*Task goal:*
Line by line, set down all the data below exactly, omitting any picture.

·····

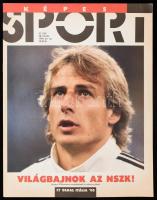 1990 Képes Sport 37. évf. 28. sz., a címlapon Jürgen Klinsmann német labdarúgó az 1990-es VB-győztes NSZK csapatából (ez volt az NSZK 3. világbajnoki címe, egyben az utolsó alkalom hogy az NDK-val külön indultak). Fekete-fehér és színes fotókkal, jó állapotban, 32 p.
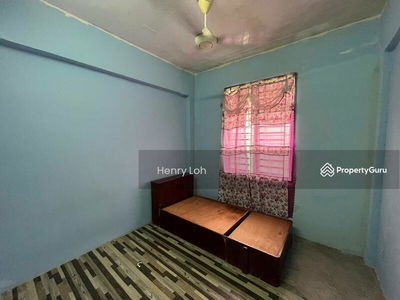 Flat Jalan Baiduri, Malaysia Flat Jalan Baiduri, Malaysia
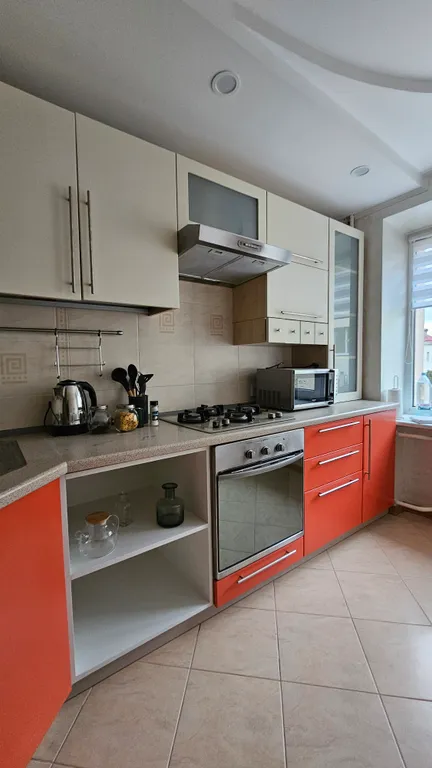 Тихая квартира в самом центре с видом на сквер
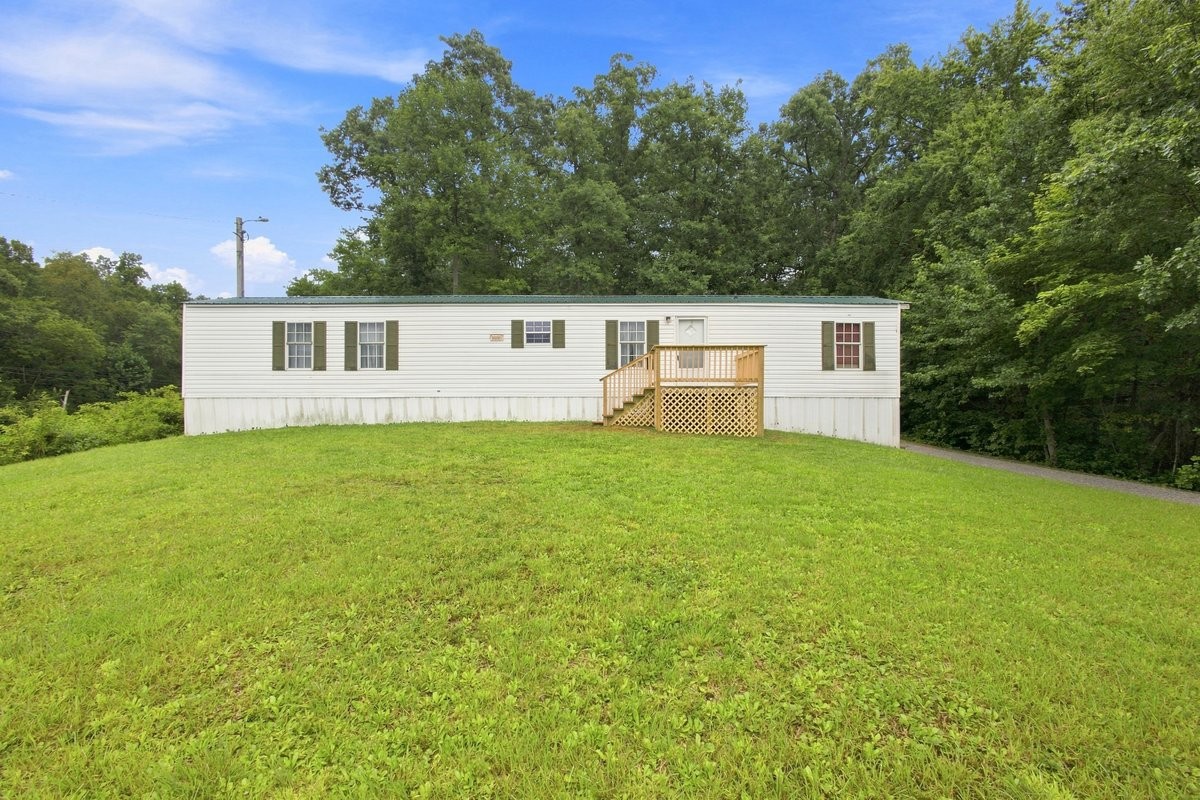 358 Silcox Rd Property Photo 1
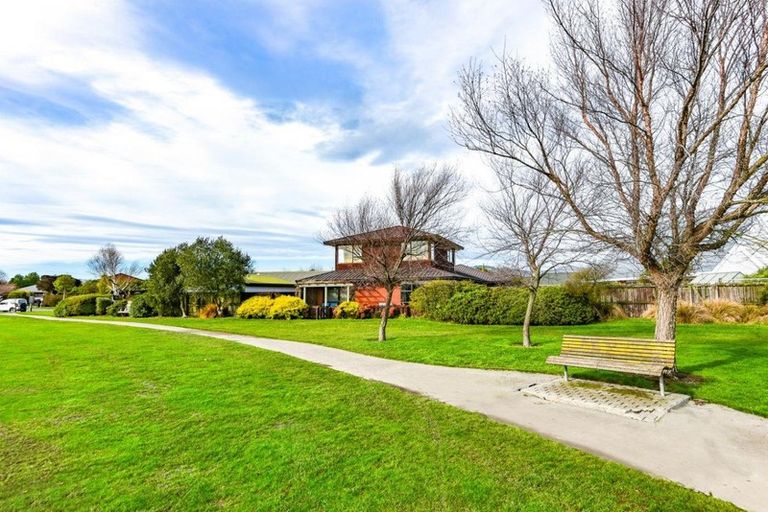 Photo of property in 2/19 Arkwright Place, Halswell, Christchurch, 8025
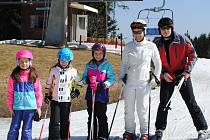Konec zimní sezóny 2021/22 ve Skiareálu Lipno. Konec zimní sezóny 2021/22 ve Skiareálu Lipno. Anička Strouhalová, Ela Vítovcová a Anička Šedivá a Iveta a Dan Vítovcovi si lyžovačku pod azurovou oblohou pochvalovali.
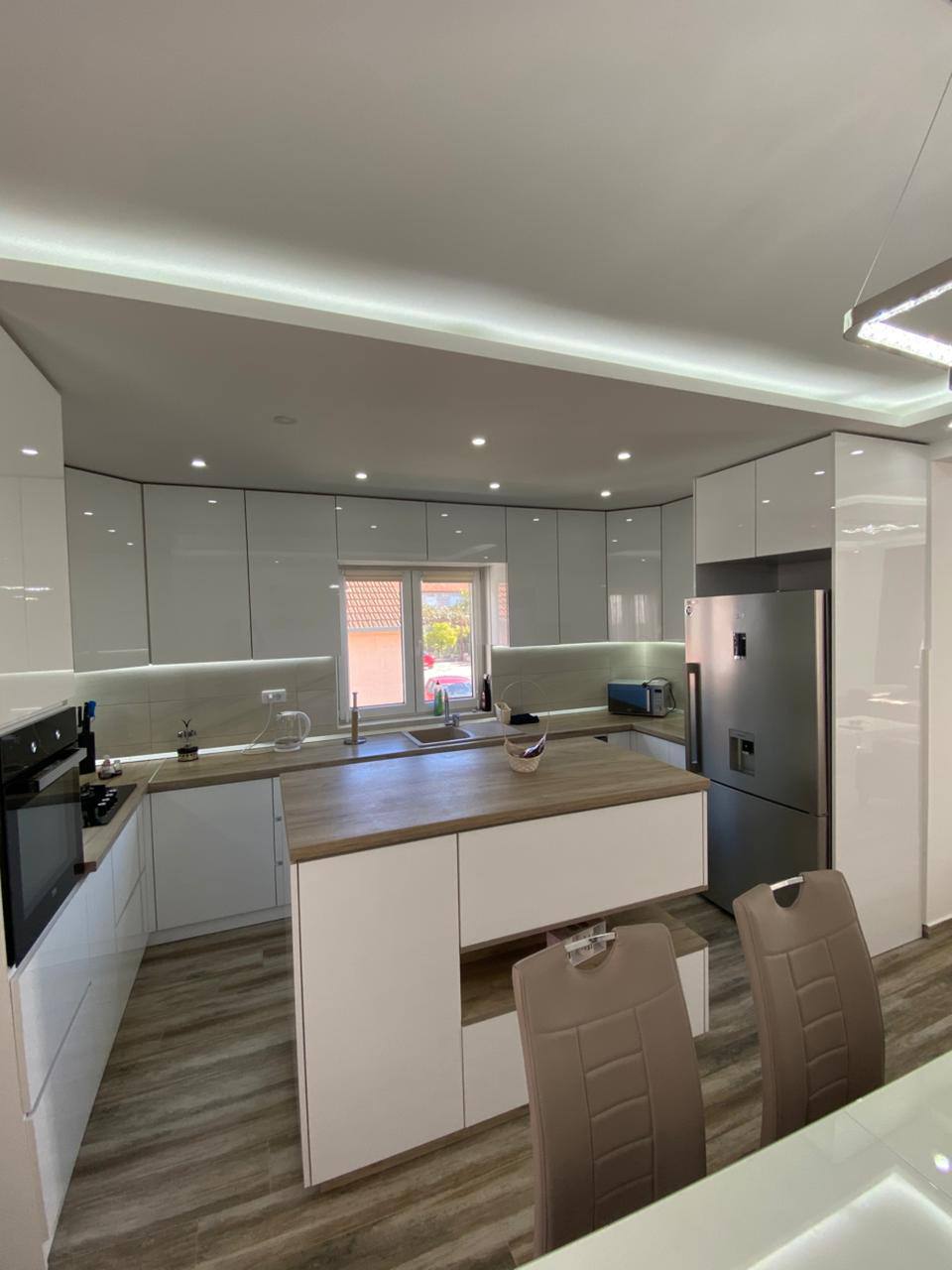 Квартира с 3 спальнями в Тивате, 115 м² 4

·····

*Exercise answer:*
 1990 Képes Sport 37. évf. 28. sz., a címlapon Jürgen Klinsmann német labdarúgó az 1990-es VB-győztes NSZK csapatából (ez volt az NSZK 3. világbajnoki címe, egyben az utolsó alkalom hogy az NDK-val külön indultak). Fekete-fehér és színes fotókkal, jó állapotban, 32 p.
 Flat Jalan Baiduri, Malaysia Flat Jalan Baiduri, Malaysia
 Тихая квартира в самом центре с видом на сквер
 358 Silcox Rd Property Photo 1
 Photo of property in 2/19 Arkwright Place, Halswell, Christchurch, 8025
Konec zimní sezóny 2021/22 ve Skiareálu Lipno. Konec zimní sezóny 2021/22 ve Skiareálu Lipno. Anička Strouhalová, Ela Vítovcová a Anička Šedivá a Iveta a Dan Vítovcovi si lyžovačku pod azurovou oblohou pochvalovali.
 Квартира с 3 спальнями в Тивате, 115 м² 4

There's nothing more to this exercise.